The two new families provide a continuous range of fabric densities, with Spartan-6 offering from 2,104 to 92,160 LUT6 cells (3,366 to 147,456 marketing cells) and Virtex-6 weighing in with a daunting 46,560 to 474,240 LUT6 cells (74,496 to 758,784 marketing cells). This leaves about a two-device density overlap between the families. These numbers are approximately double the previous generation Xilinx devices, and they may possibly be larger (subject to intensive marketing debate, of course) than the corresponding Altera families, with Cyclone III boasting up to 119,088 actual 4-input logic cells (against Spartan-6’s estimated 147K) and Stratix IV’s largest device measuring 212,480 of the aforementioned ALMs, which are equated to 681,100 equivalent marketing cells (against Virtex-6’s 758K). Clear? Nah, not to us either.
Moving out from the LUT fabric, both new families contain varying concentrations of dedicated DSP blocks. The Spartan-6 family uses the DSP48A1 block, which is comprised of an 18X18 multiplier, an adder, and an accumulator. Virtex-6 uses the more complex DSP48E1 block, which contains a 25X18 multiplier, an accumulator, and a single-instruction multiple data (SIMD) arithmetic unit, plus a pre-adder to improve performance. Spartan-6 devices contain from 4 to 182 DSP48A1s, while Virtex-6 devices contain from 288 to a whopping 2,016 DSP48E1 blocks. These numbers are approximately double those of the previous-generation Xilinx families, and a decent notch more than the 1360 18X18 multipliers available in the largest announced Altera Stratix IV device.
Still on the subject of embedded hard-IP, the big story these days is high-speed serial I/O. It’s everywhere… and by “everywhere” we mean even in the Spartan family. Spartan-6 comes in two flavors – LX and LXT, with the “T” representing, of course, “Transceivers” – of the multi-gigabit serial kind. Spartan-6 LXT represents Xilinx’s first foray into the low-cost FPGA with SerDes realm – joining Lattice Semiconductor and Altera – both of whom have offered relatively low-cost transceiver-havin’ FPGAs for a couple of years now. Spartan-6 LXT offers from 2 to 6 low-power GTP transceivers, each operating at up to 3.2 Gbps, and a dedicated PCI Express endpoint block. Compared with other market offerings, Lattice’s ECP2M contains up to 16 3.125Gbps transceivers, and Altera’s just-announced Arria II GX contains up to 16 3.75Gbps transceivers (but that’s the topic of next week’s article).
Virtex-6 brings in the Serious SerDes, however, with up to 36 GTX low-power transceivers (rated at up to 6.5 Gbps each) in the LXT and SXT versions and supposedly up to 64 GTH (definitely not low-power) 11.4 Gbps transcievers in the not-yet-in-the-product-table HXT family. In addition to the tons of transceivers, the announced devices sport up to four tri-mode (10/100/1000) Ethernet MACs and up to two PCIe interface blocks. Stacked up against its primary SerDes competition (the just-yesterday-announced Altera Stratix IV GT – more on that next week also), Stratix IV GT offers up to 24 11.3 Gbps transceivers and up to 24 additional 6.5 Gbps units.

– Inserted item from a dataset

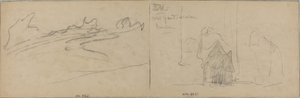 Studien von Wolken und einer alten Frau von Felix Hilaire Buhot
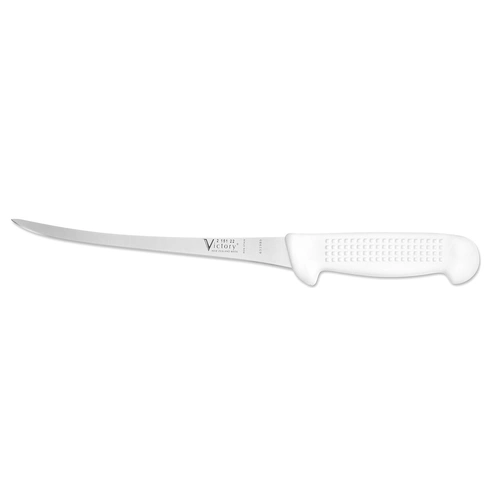 VICTORY Victory Knives Extra Narrow Filleting Knife, White, 22cm Knife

As is the case these days, a new process node no longer brings an across-the-board bounty of density, speed, and power. You have to choose. If you’re lucky, you can pick two of the three. If you’re not careful, however, you may get only one. Xilinx was careful. They accepted modest increases in speed in order to realize significant gains in density and power. The important speed metric these days is I/O bandwidth – which we’ve already discussed. Getting much less attention these days is Fmax for the fabric. This is actually a good trend for several reasons. First, most of the high-end FPGAs today can toggle the fabric fast enough for most applications. If you’ve got a killer-app that needs bleeding-edge frequencies in the 1.5GHz range – go talk to Achronix. For the rest of the world, the 300-600 MHz that you can theoretically squeeze out of the fabric for the last couple of generations of FPGAs isn’t usually the bottleneck. Yes, timing closure will still sometimes keep you awake for a couple of horrific weeks toward the end of your project, but that’s one of the special joys of an engineering career.
Power is another matter. While each process node is predicted to be the end of power progress as we know it, Xilinx continues to slice off major chunks of power consumption – including static power – with each new family. The company claims that total power consumption (static plus dynamic) is about half that of previous generations of Xilinx products. With power, your mileage will vary – a lot. Datasheet numbers have little bearing on the real world, so we’ll have to wait for some actual design results to see how Xilinx’s claims measure up.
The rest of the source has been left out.